● PROBLEM: With the pictures omitted, output word for word the lines from the one containing "used 2024 Kia EV9 car, priced at $38,500" through the end of the records.

##### MATERIAL SHOWN #####

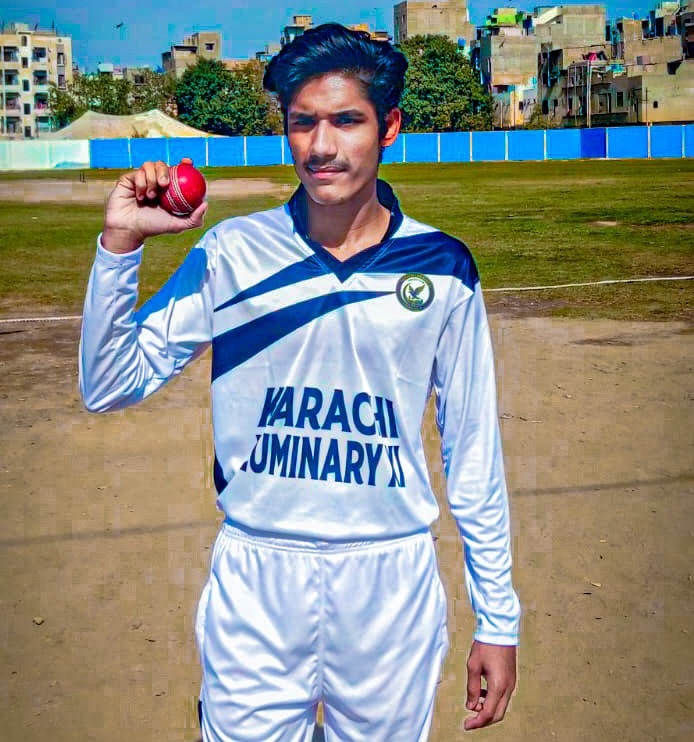 بھرتے ہوئے فاسٹ بولر ، محمد منیر عالم کا یادگار ڈیبیو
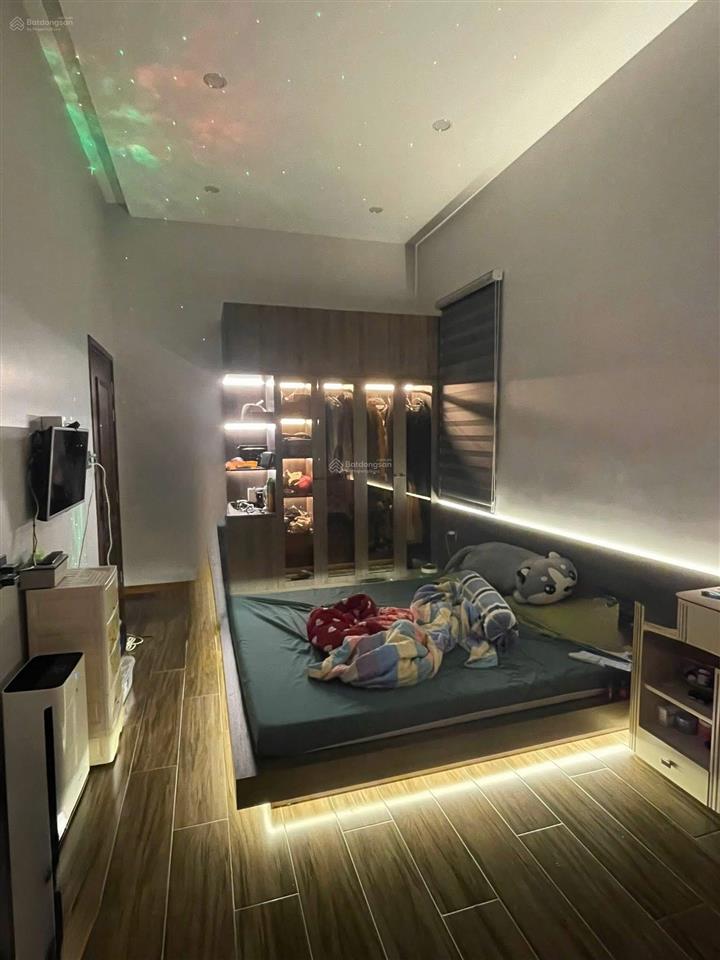 Bán nhà 8,2x22m sổ thổ cư thuộc khu dân cư tân phong 1trệt 1lầu, giá 8,2tỷ.  0794 290 ***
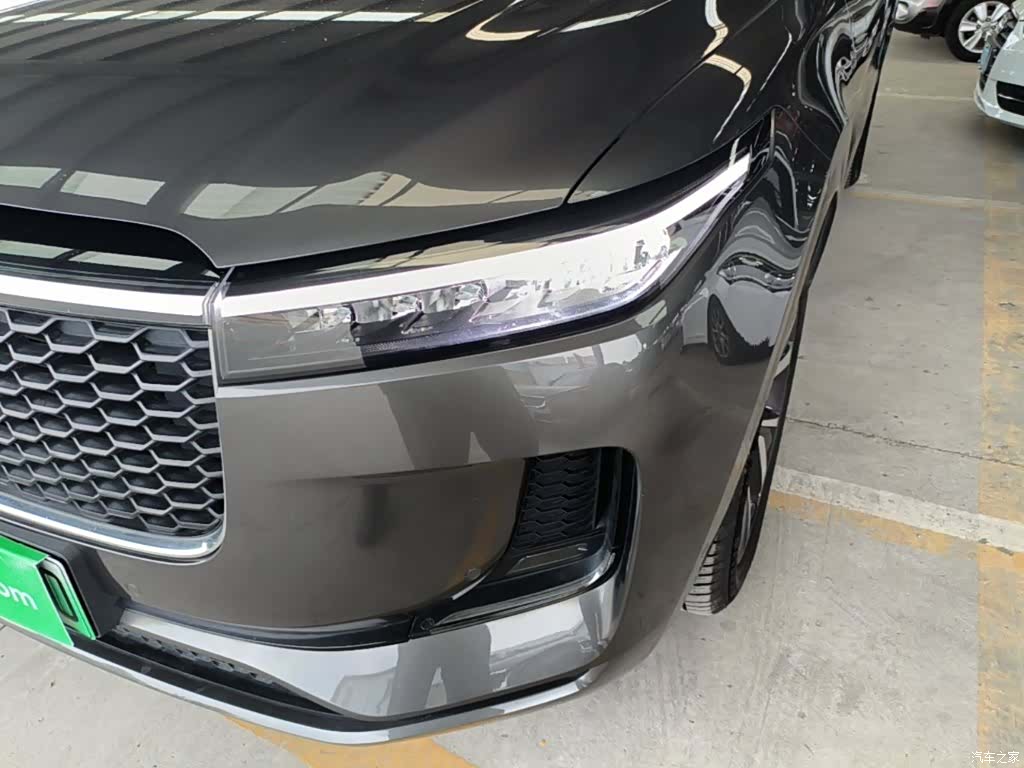 Li Auto ONE, 2022 24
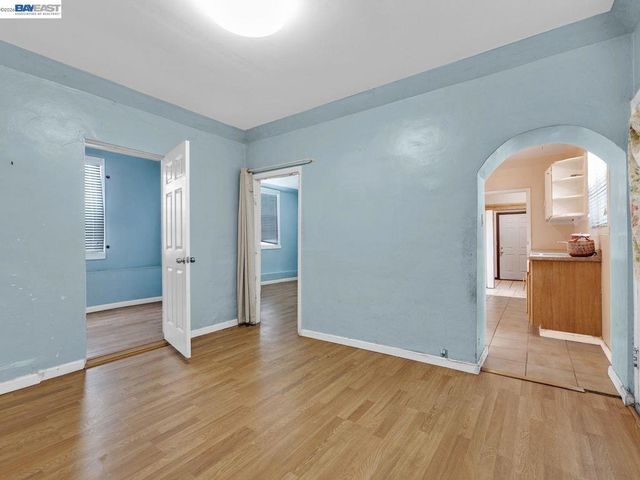 2226 13th Ave, Oakland, CA 94606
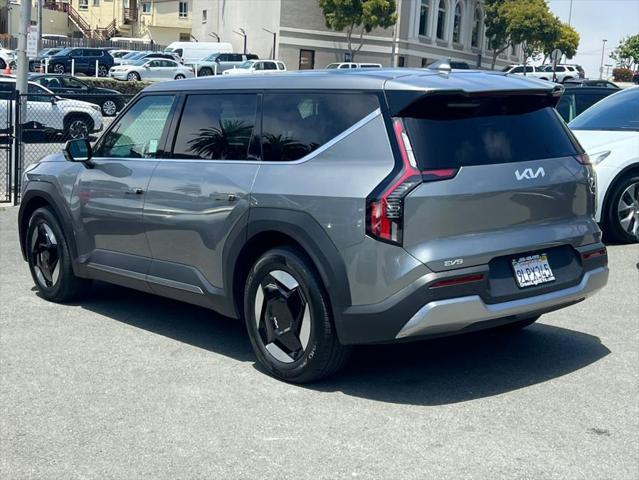 used 2024 Kia EV9 car, priced at $38,500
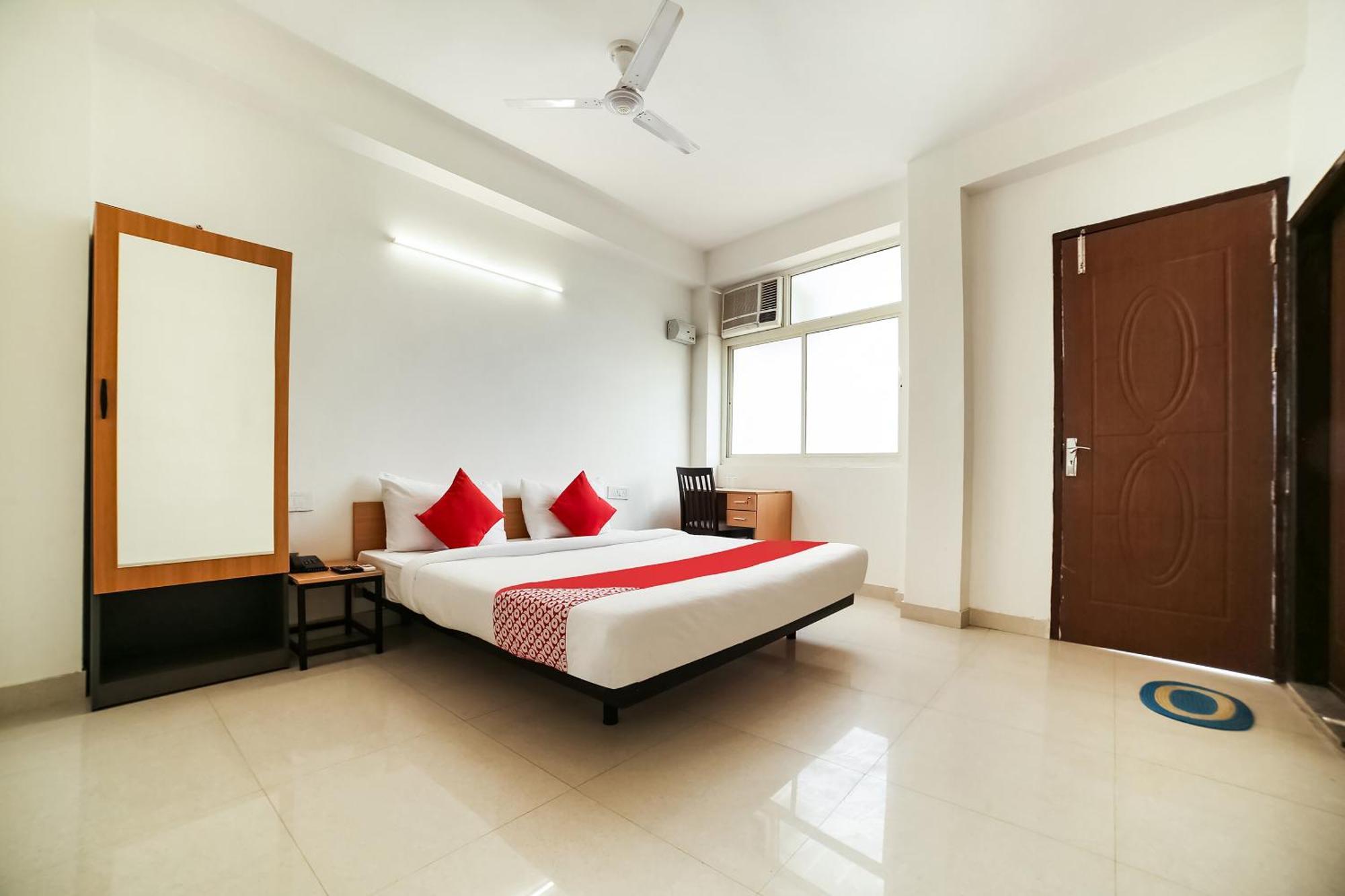 Live On Del5542 Hotel New Delhi Exterior photo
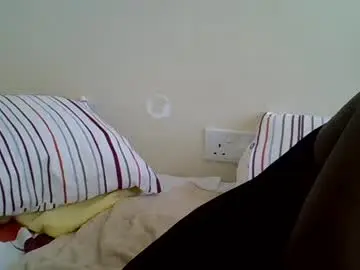 Royaldesire02  live sex cam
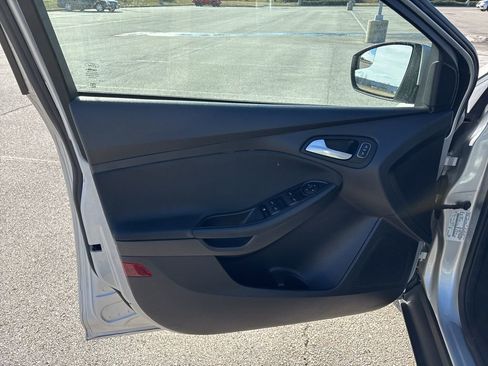 Used 2015 Ford Focus SE image 10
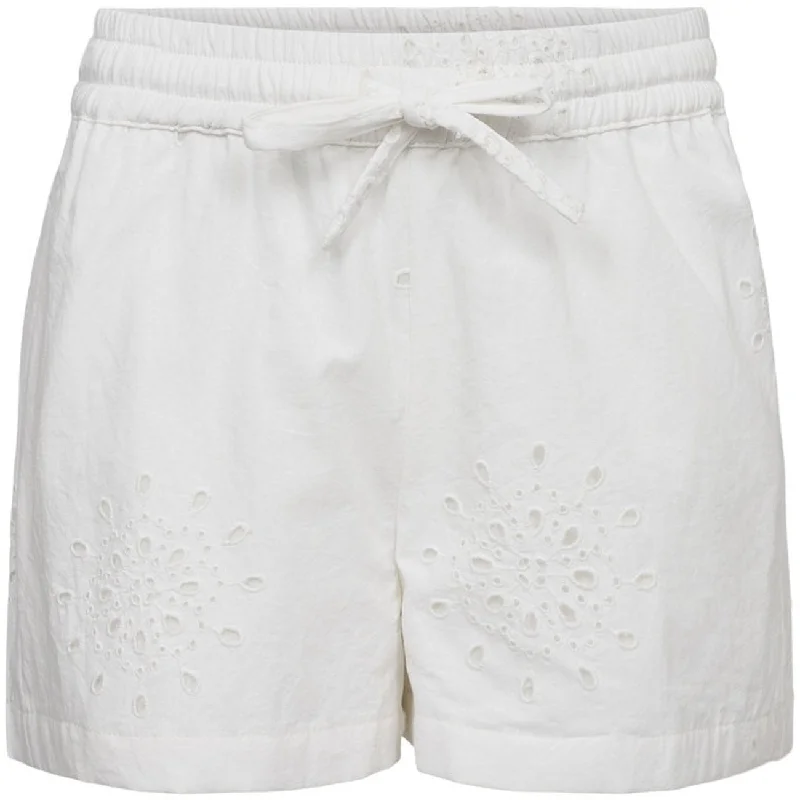 Embroidered Women Shorts with Intricate DesignsSofie Schnoor Snow White Shorts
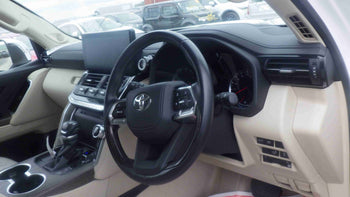 TOYOTA LC300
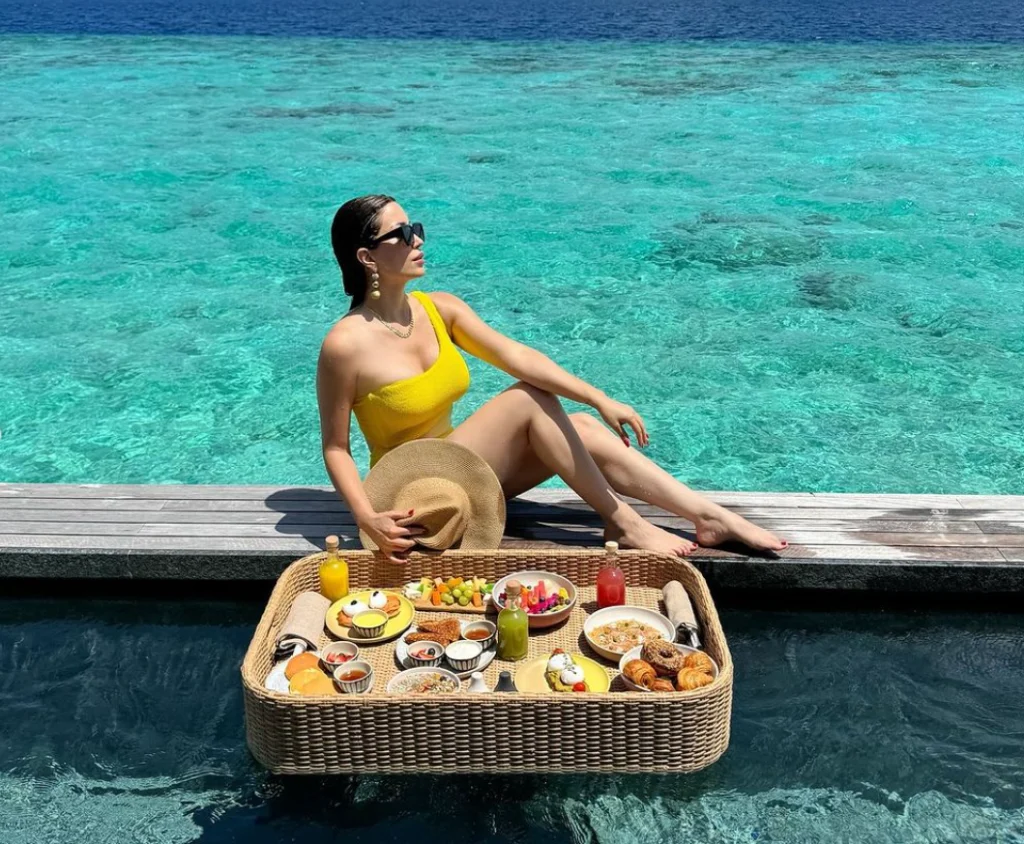 نسرين طافش تستمتع بإجازتها الصيفية في جزيرة ميكونوس وتُثير علامات استفهام حول علاقة ليلى عبدالله بجو جوناس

#####

● RESPONSE TO THE EXERCISE:
 used 2024 Kia EV9 car, priced at $38,500
 Live On Del5542 Hotel New Delhi Exterior photo
 Royaldesire02  live sex cam
 Used 2015 Ford Focus SE image 10
 Embroidered Women Shorts with Intricate DesignsSofie Schnoor Snow White Shorts
 TOYOTA LC300
 نسرين طافش تستمتع بإجازتها الصيفية في جزيرة ميكونوس وتُثير علامات استفهام حول علاقة ليلى عبدالله بجو جوناس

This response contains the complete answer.